During the seven years Kilpatrick was in office, the city drifted. I don't know whether bankruptcy could have been averted with a better leader at the helm. I don't think anyone could possibly answer that. But the city's financial situation had become untenable by the time he was shipped off to prison. The only practical alternative to bankruptcy would have been a state bailout. But with the GOP controlling the Legislature and Rick Snyder in the governor's office, there was no chance that was going to happen.
And that's where we are today: Snyder's emergency manager, Kevin Orr, is trying to sell off the city's assets to pay the bills. Fact: the bills must be paid. But Orr's strategy is tantamount to eating your seed corn. Orr brings us a new variety of corruption: Corporatism. The fault, my dear Brutus, is not in the stars, it's in the Republican Party.
I'm a Detroiter. I may live on the north side of Eight Mile, but Detroit is part of me and always will be.
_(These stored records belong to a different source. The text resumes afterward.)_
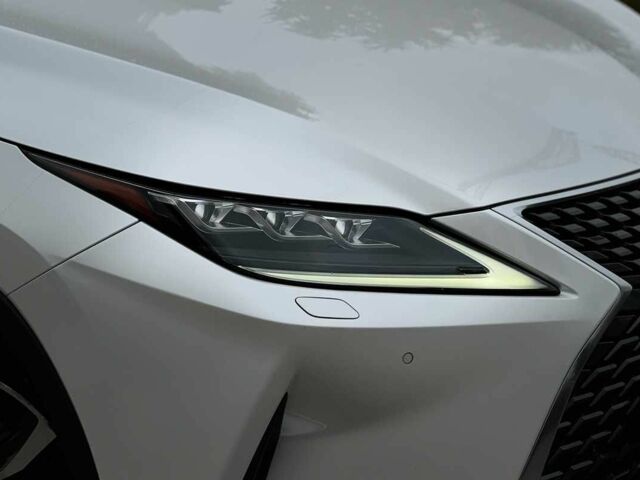 Белый Лексус РХ, объемом двигателя 2 л и пробегом 72 тыс. км за 46900 $, фото 23 на Automoto.ua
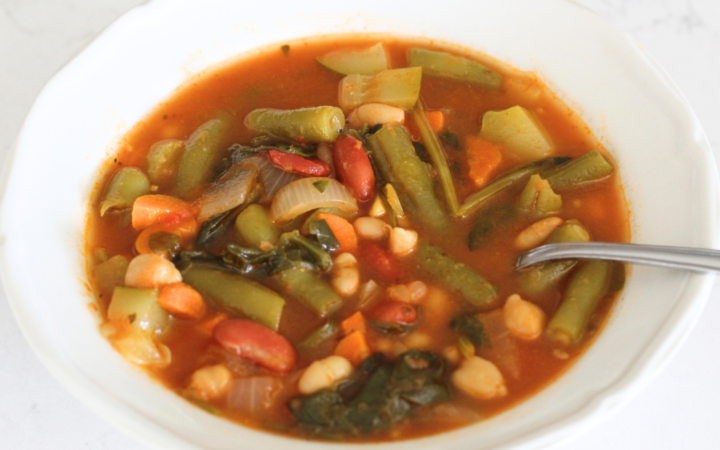 Healthy Homemade Minestrone Soup Recipe, Minestrone Recipe: Easy Classic Vegetarian Soup #healthy #nutritious #onepotmeal #italian #crockpot #vegan #vegetarian #dinner #starter #soup #broth #beans #crowd #ingredients #minestrone #recipe #chicken #tomato #mamamakesiteasy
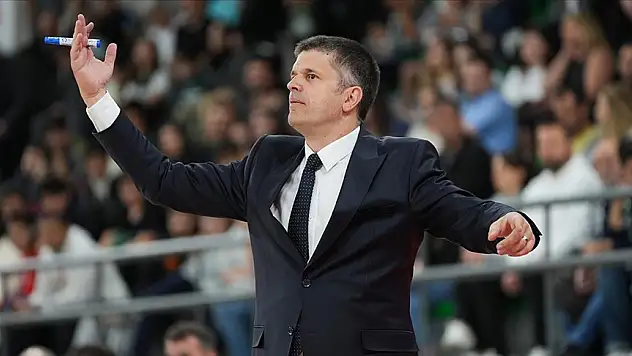 Anadolu Efes Tomislav Mijatovic ile anlaştı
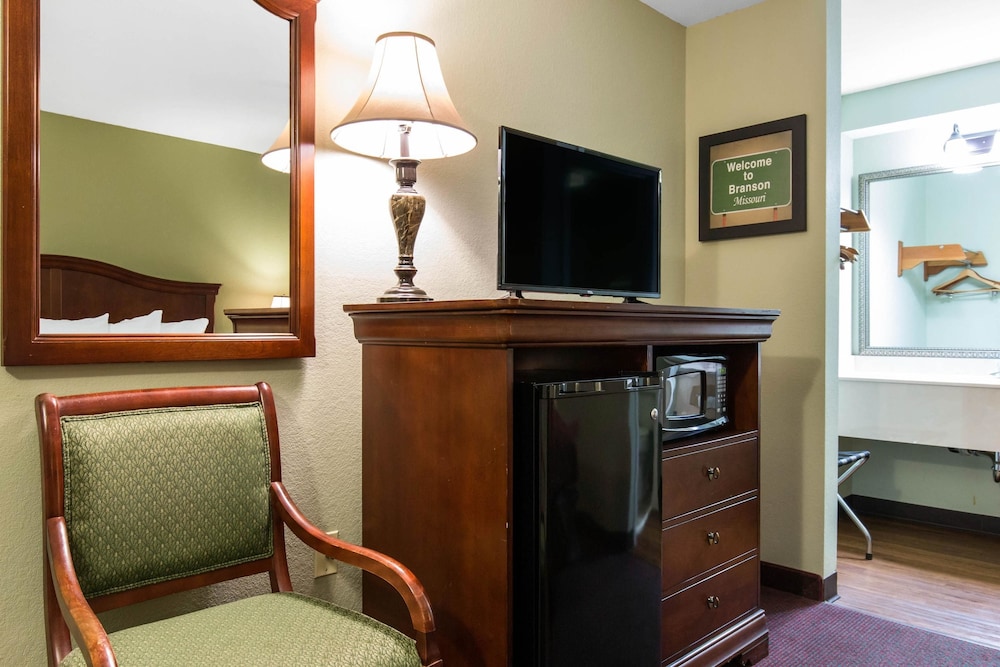 Baymont by Wyndham Branson Thousand Hills 12/42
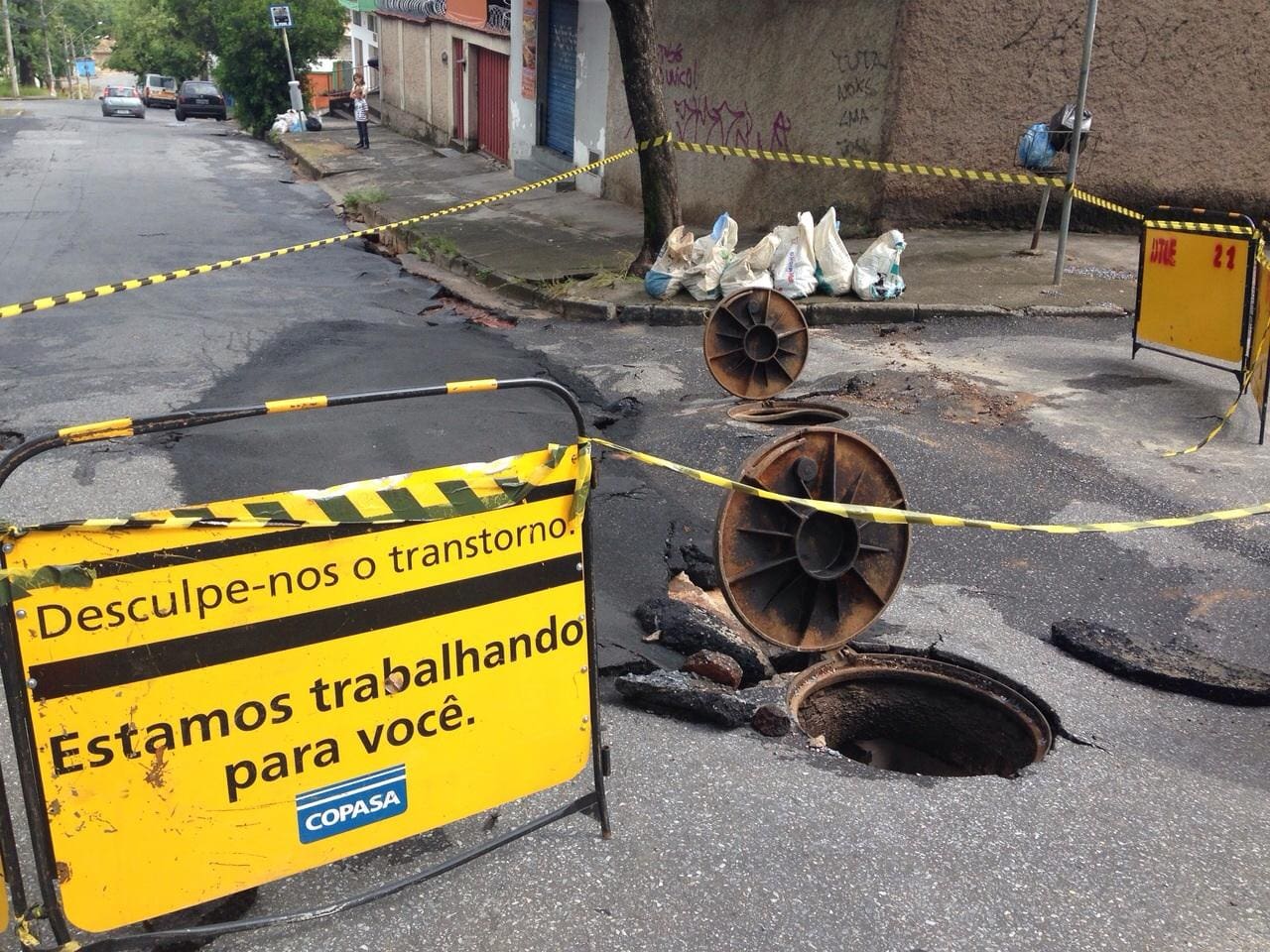 adutora, vazamento, Copasa, São Gabriel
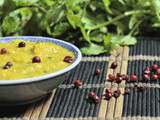 Sabayon au curry, coriandre et baies roses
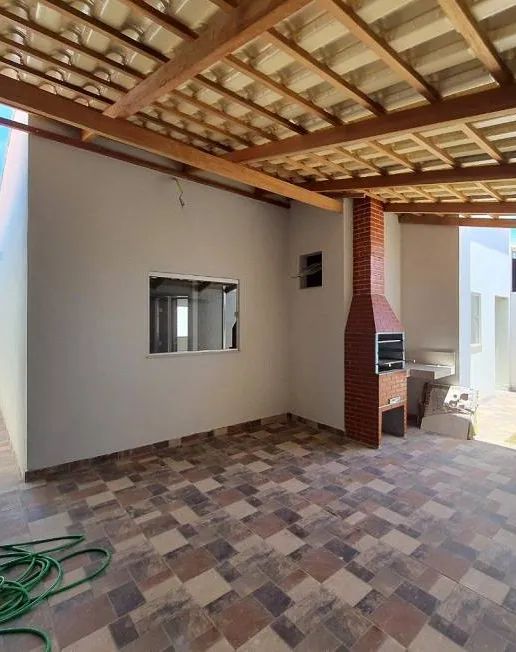 Casa com 3 Quartos e 1 banheiro à Venda, 80 m² 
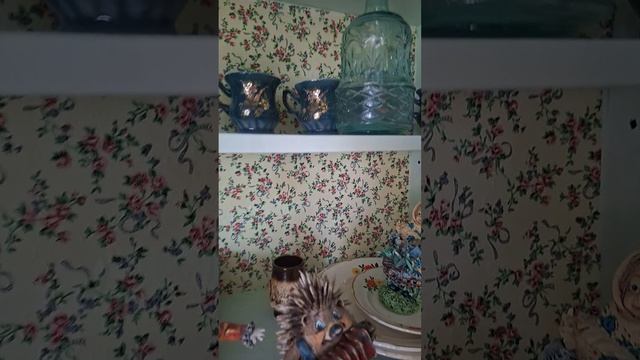 Мой ретро сервант 1940 годов и моя коллекция .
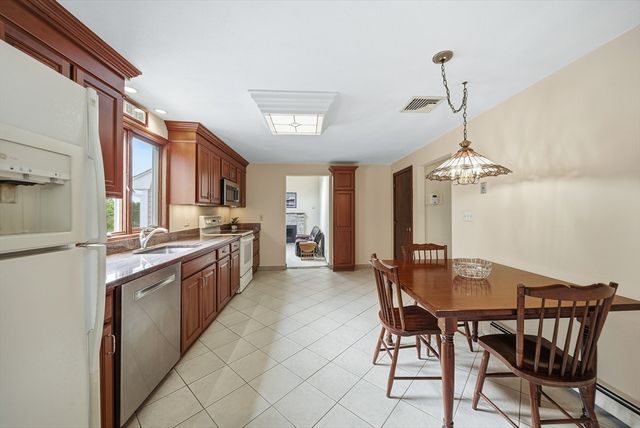 12 Thomas Cir, Stoneham, MA 02180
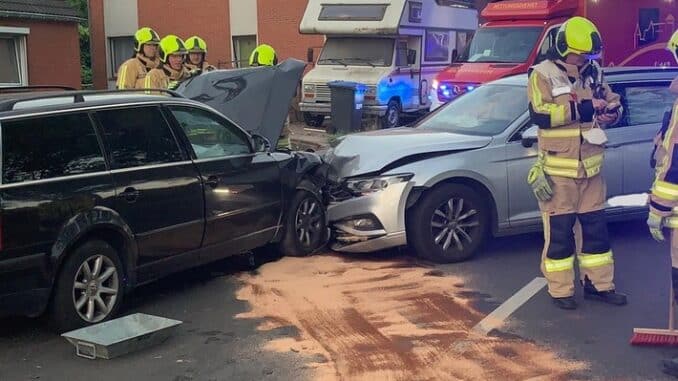FW-Stolberg: Schwerer Verkehrsunfall mit einer verletzten Person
You may wonder where the people involved in white flight went. They're still here. They moved to the suburbs. But they are Detroiters, too. They remember visits to the Aquarium on Belle Isle and the Detroit Zoo. They used to Christmas shop at Hudson's on Woodward. They've watched the fireworks from the Detroit riverfront. They go to the Auto Show at Cobo Hall. Special occasions meant dinner at the London Chop House, or a blockbuster movie at the United Artists Theater. They go to shows at the Fisher Theater. They used to watch the big odometer over the I-94/I-75 interchange click over how many cars had been built.
Racism is a cancer. It has harmed the white suburbanites who fled almost as much as the people who stayed behind in the city. If the suburbs and city could put aside decades of animosity and unite for the common good, we would have nearly the strength of the Detroit of the 1950s. If we could throw off the yoke of the corporatist GOP, we could start finding real solutions to the region's problems.
We need those solutions NOW. Southeast Michigan, i.e., the Detroit metropolitan area, has a unique advantage for development in the coming years. We have a fresh water supply that is as near to unlimited as it gets on the planet. Control of that resource will determine whether the society we have 50 years from now is under the thumb of the wealthy few or working to give everyone a shot at prosperity.
If Michigan remains in the grip of the GOP, the future is very, very dim.
Detroiters, unite. It's time to stop thinking in terms of "us vs. them," and start thinking about the strength we have that we're not using.